We improve your firm’s Information Security Management Systems, to protect and enhance your reputation, help you win more business, control costs and reduce your risks.
- Does your company hold or handle information that your customers, employees or you, as directors or owners, consider to be confidential?
If the answer is YES, then you should talk to us about how an Information Security Management System (ISMS) can demonstrate you keep it secure.
- Do you have Professional Indemnity Insurance?
Have you checked the terms and conditions recently? You may find that your insurer expects you to have an Information Security Management System. If so, we can help.
Are you ISO 27001 Certified?
If NOT, then are you aware of the additional risks you may be running? Risks that may make it more difficult for you to prevent and detect information loss or theft and more difficult, time consuming and expensive to correct.
In the wrong hands, information about your clients, their data, your employees’ personal files and even emails between fellow directors could be highly damaging.
Protect Your Reputation
Every organisation relies on information and that means, like all other vital business assets, it needs suitable protection. Protection that matches your appetite for risk and deals with the threats you anticipate having to address.
Demonstrate You Can Be Trusted
ISO 27001, or to give it its full title, ISO/IEC 27001:2013 is THE standard for Information Security Management Systems. An organisation that holds the ISO 27001 certification demonstrates that it takes a systematic, risk based approach to ensuring the Availability, Confidentially and Integrity of its corporate information.
It shows you can be trusted to keep data secure and it demonstrates you comply with legislation in areas such as data protection and software copyright. It also helps you to control and often reduce operating costs, by putting in place consistent organisation-wide management systems and controls.
What You Need to Do
Talk to us! We know about ISO 27001 Information Security Management Systems and understand how to implement them with a business first approach. Unlike IT and technical specialists, we start with your organisation, we talk your language and we’ll ensure your Information Security Management System works for your business, as well as for your IT.
So it does the job you need it to do.
It may never have happened to you or your business and that is the way you want to keep it!
Dealing with the after effects of an information security breach is traumatic, time consuming and costly.
We are all aware of how risky the world is and how vulnerable our organisational performance and reputation is when information confidentiality, availability and integrity is adversely affected.

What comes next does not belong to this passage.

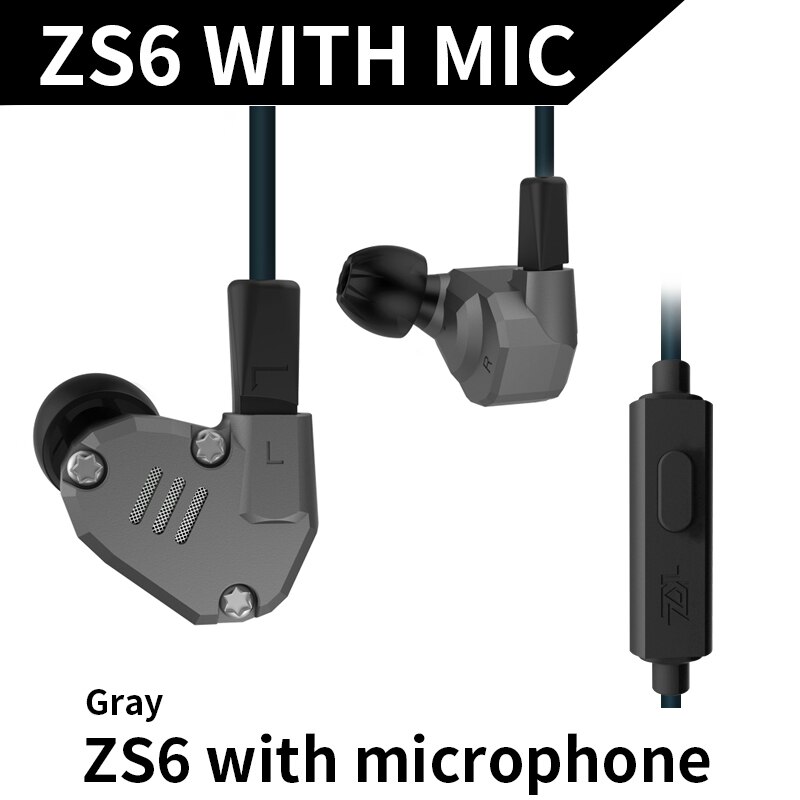 KZ-Auriculares con controladores 2DD + 2BA, monitores estéreo HIFI, deportivos, con tecnología híbrida, cancelación de ruido, para juegos, KZ ZS6 8: Gray Mic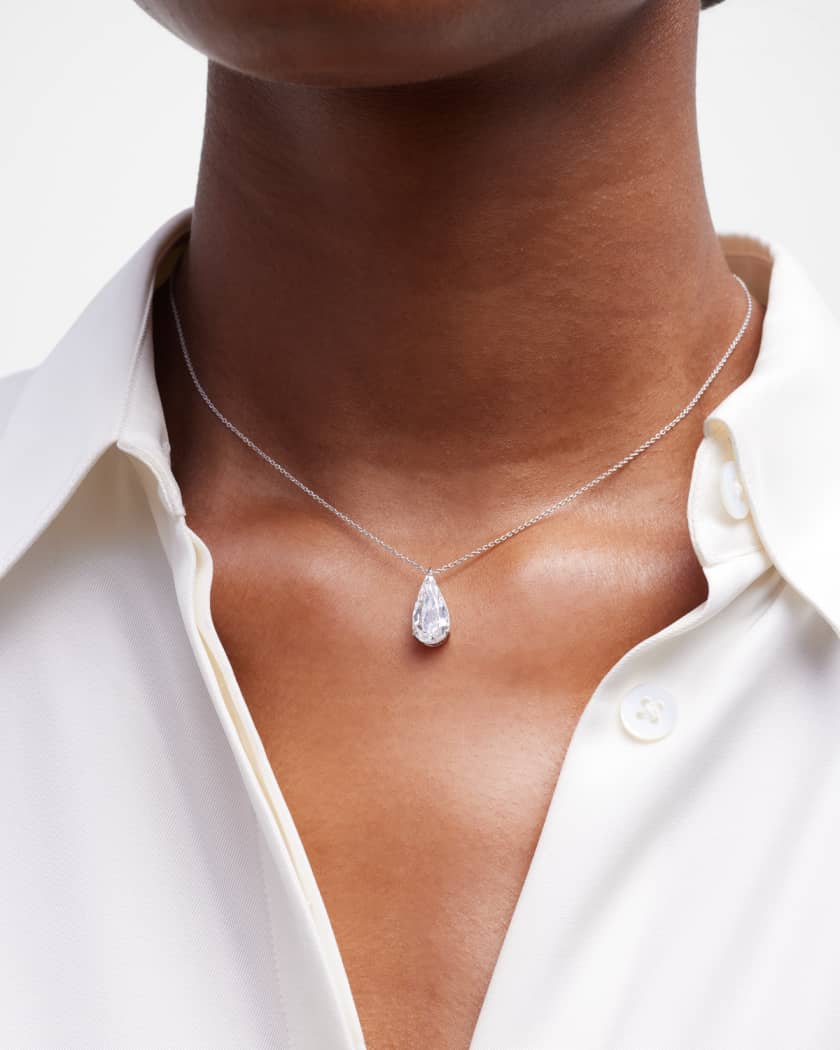 Pear shaped diamond solitaire pendant discount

That’s why we all need to take a risk based approach to our Information Security Management Systems. And that’s where we can help you by;
- Developing your risk management strategy
- Undertaking risk assessments
- Implementing Information Security Management Systems to meet the ISO 27001:2013 standard from a Certified ISMS Lead Implementer CIS LI
Software and Services Organisation
Customer requirements lead this leading software and services provider to decide it needed to achieve Certification for its whole organisation, covering Information Security, Business Continuity and Service Management (ISO 27001, ISO 22301 and ISO 20000 respectively). We helped them achieve it…in four months
For the past 10 years we’ve worked with this provider of data and intellectual property to help it market its products and services effectively.
Throughout this time, we’ve developed its ability to assess, measure and manage the information security risks associated with the commercial exploitation of its data assets, through its differing commercial and business models.
We’ve also worked closely with the Board of Directors to help them understand the overall business risks and develop strategies to mitigate, tolerate, accept and transfer those risks.
Faced with a crisis, due to an incident in which an insider compromised the information security of this professional association, we worked with the leadership team to resolve the situation and return the operations to normal. This involved us in helping them re-gain access to their systems (email, website and other cloud based services) and ensuring that the threat was neutralised.
We then worked with the team to review their risks and put in place a revised and improved Information Security Management System to help reduce the risks of any repeat.
We are currently working on a project within a consultancy to assess its needs regarding ISO 27001 certification. This includes facilitating a workshop with the directors to explore their view of risk and their risk appetite. The project includes recommendations to manage the risks to acceptable levels. The next step is to help them decide if they will proceed to a full ISO 27001 certification project.